We all need to rest and to recover. Sometimes a few day's rest is enough to allow us to recover, but more often, recovery is a series of active and purposeful choices we need to make to support our bodies.
Rest is just that, rest. Time off can be productive, both from a physical and a mental standpoint. We need our sleep to rest on a daily basis and we need to incorporate rest into our training plans to allow our bodies to benefit from the stresses we've taken on--this is how we get faster and stronger.
Recovery offers more holistic support to our bodies. It begins with rest, but there are other purposeful strategies we need to incorporate to make sure that our bodies recover from the demands they are under and show up to our next run ready to perform.
Post-Run Care: After you stop your GPS watch, what do you do next? If you just hit the shower and get on with your day, you're missing a couple of recovery opportunities. A cool-down and stretch gives your body some important neurological and hormonal signals that the hard work is over. This post-run attention to your body offers a quicker start to a recovery cycle than skipping this step. Once your body fully processes the signal to stop, it can start adaptations and repairs you get in recovery. If you just keep moving on to the next thing, you may bypass these steps and lose some of the benefits of training.

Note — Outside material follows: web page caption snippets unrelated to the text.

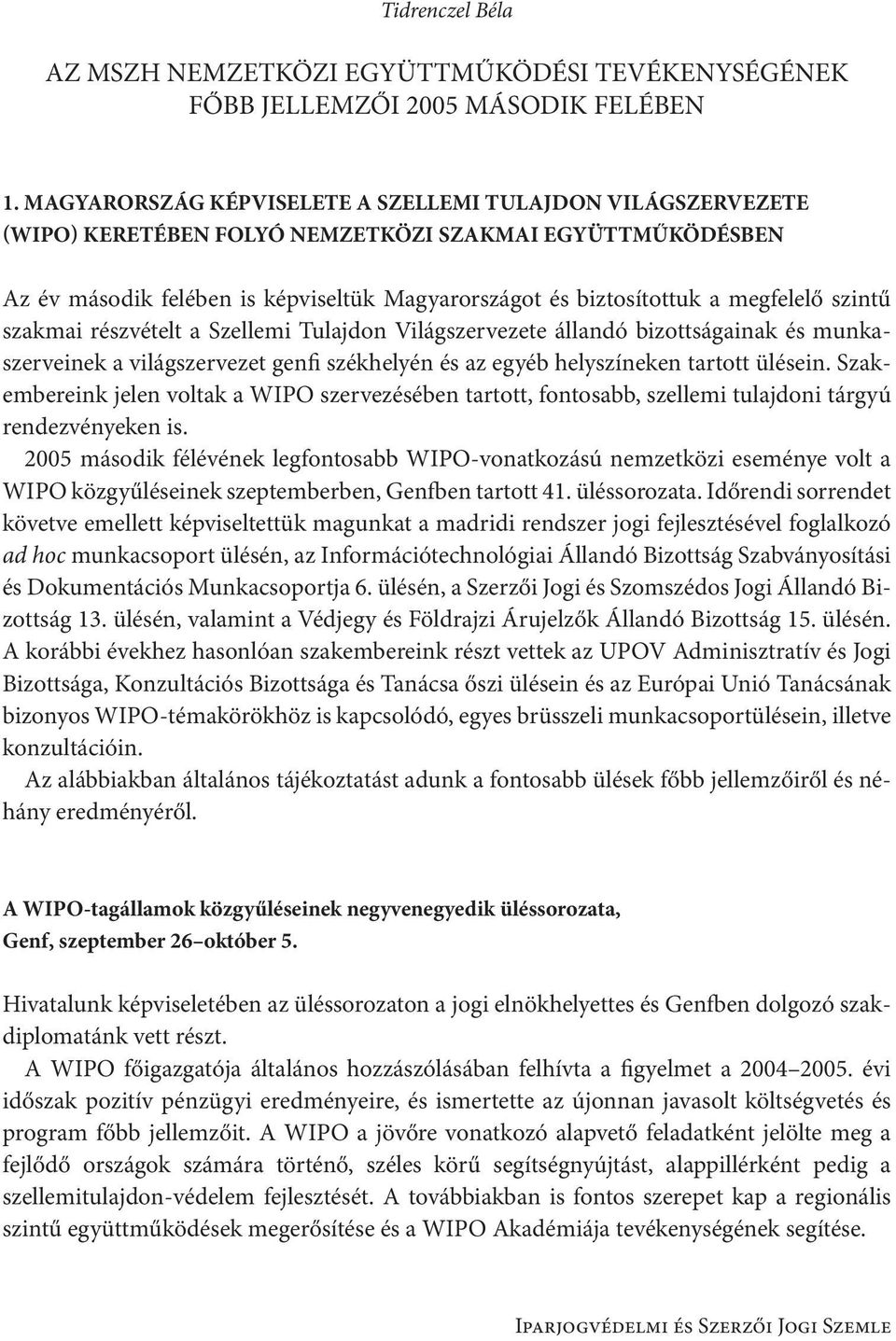 megfelelő szintű szakmai részvételt a Szellemi Tulajdon Világszervezete állandó bizottságainak és munkaszerveinek a világszervezet genfi székhelyén és az egyéb helyszíneken tartott ülésein.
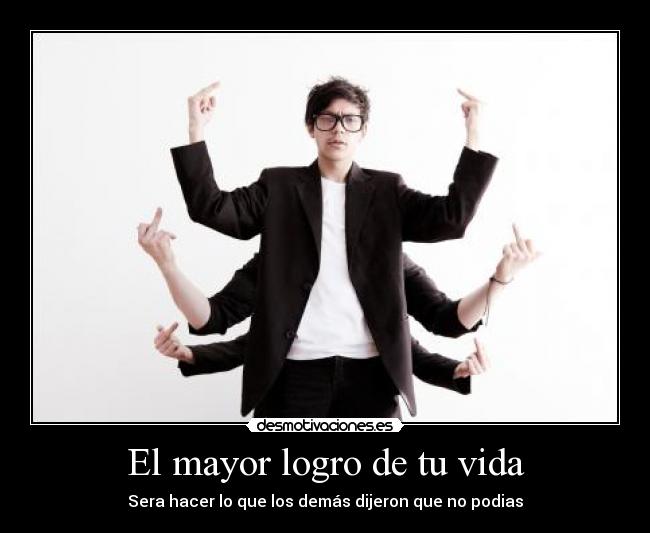 El mayor logro de tu vida -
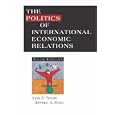 The Politics of International Economic Relations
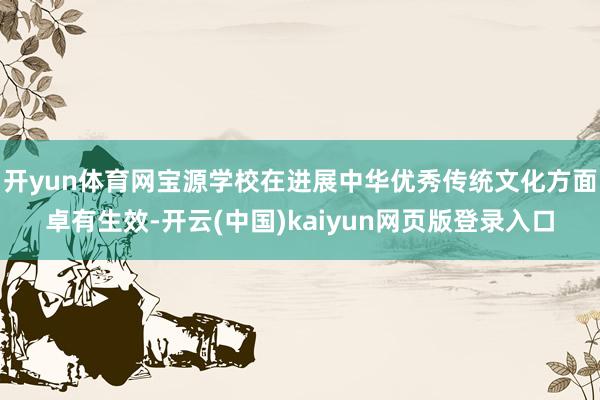 开yun体育网宝源学校在进展中华优秀传统文化方面卓有生效-开云(中国)kaiyun网页版登录入口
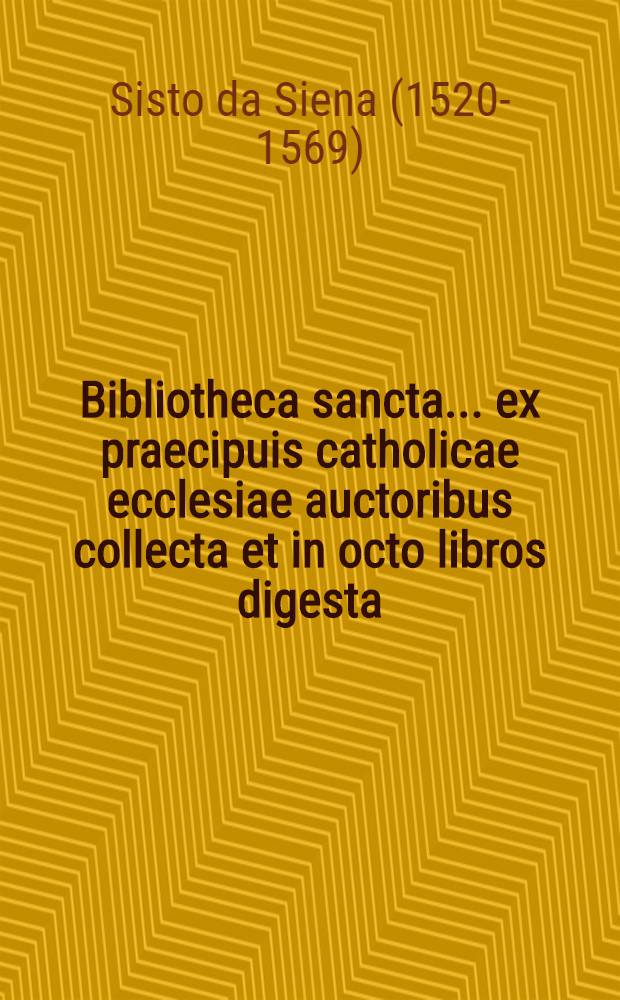 Bibliotheca sancta ... ex praecipuis catholicae ecclesiae auctoribus collecta et in octo libros digesta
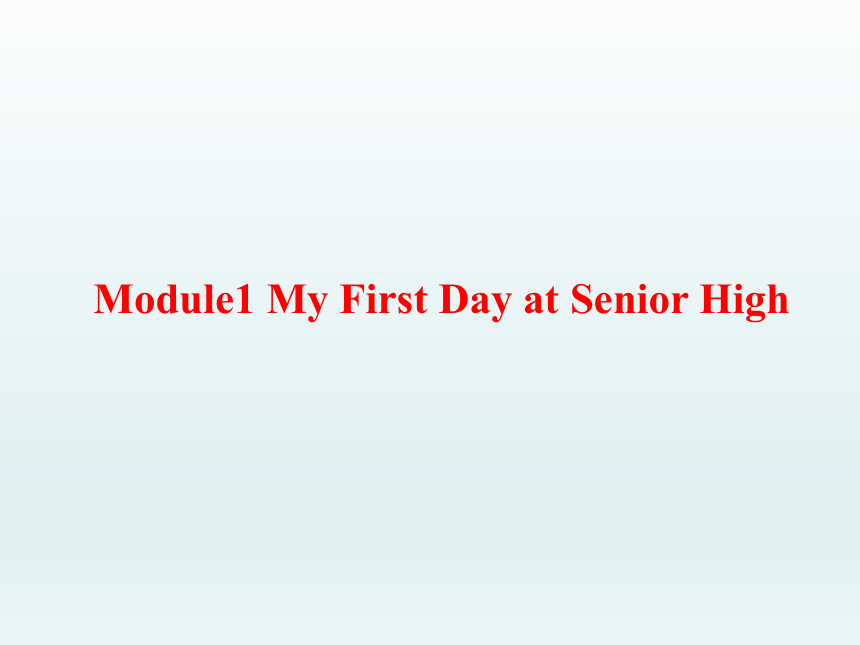 外研版必修1 Module My First Day at Senior High1Period4课件（34张ppt)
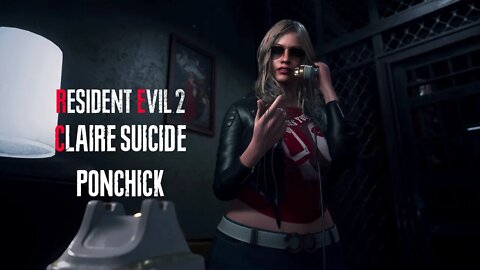 Resident Evil 2 Remake Claire Suicide Ponchick [4K]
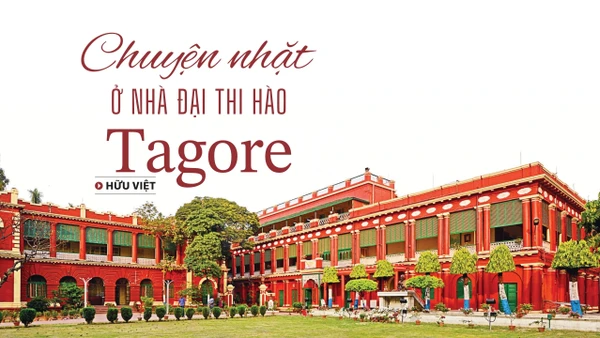 Chuyện nhặt ở nhà đại thi hào Tagore 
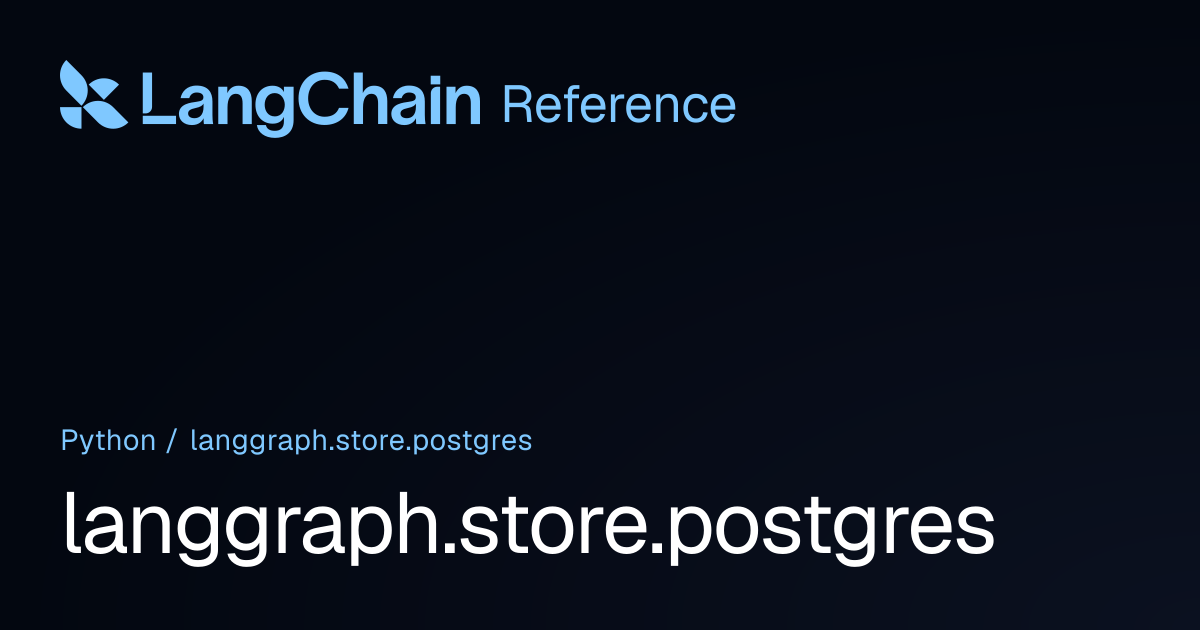 langgraph.store.postgres | LangChain Reference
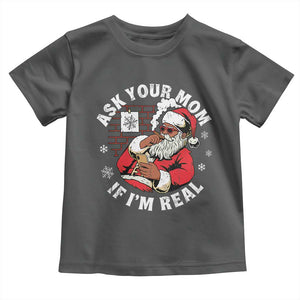 Funny Christmas Black Santa Ask Your Mom If I Am Real Toddler T Shirt Dirty Xmas Santa Mom TS11 Dark Heather Print Your Wear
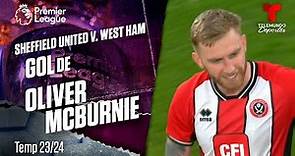 Goal Oliver McBurnie - Sheffield United v. West Ham 23-24 | Premier League | Telemundo Deportes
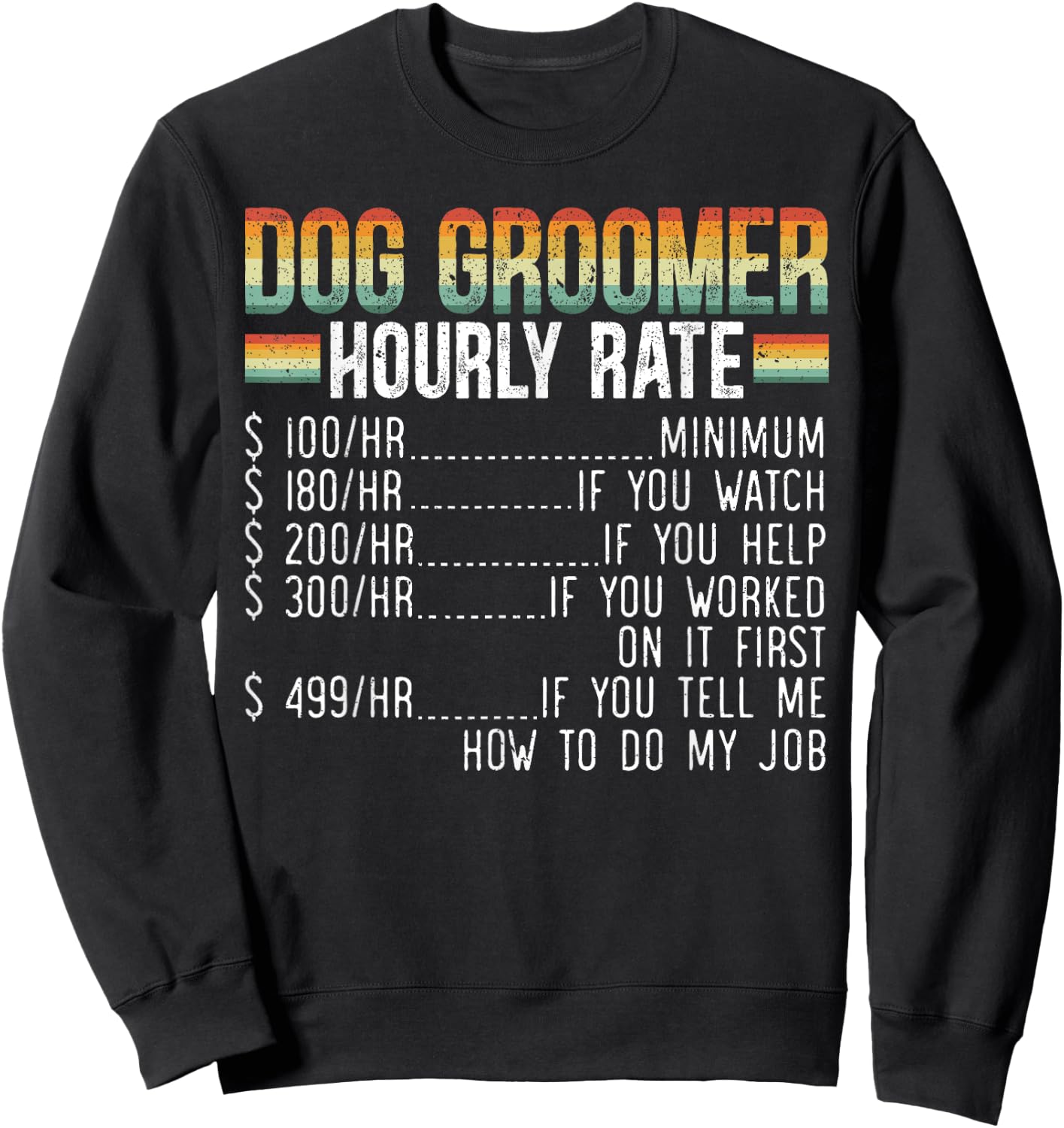 Dog Groomer Hourly Rate Pet Grooming Furologist Fur Artist Women Sweatshirt - Sweatshirt | Black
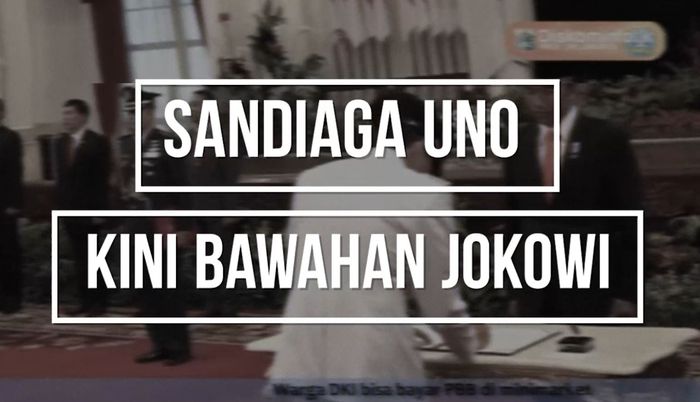 Sandiaga Uno yang Dulu Lawan Kini Bawahan Jokowi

Nutrition: Fueling on your run sustains your performance, but your nutritional choices between runs influences your recovery. First of all, did you run far enough today that you need a specific recovery nutrition plan? If you've worked hard enough or long enough, you'll need the right blend of carbs and proteins to start your metabolic recovery ASAP. My quick-and-easy solution is some Tailwind Rebuild Recovery*, which I'll mix up at a trailhead and enjoy on the ride home, and if I have access to my kitchen after a hard run, I'll have a prepped meal ready and waiting.
After you've met these immediate needs, are you eating enough through the day? Especially if you are making changes in your running schedule, you'll need to make changes in your intake. Without enough balanced intake, we can't make post-run repairs and build strength and endurance.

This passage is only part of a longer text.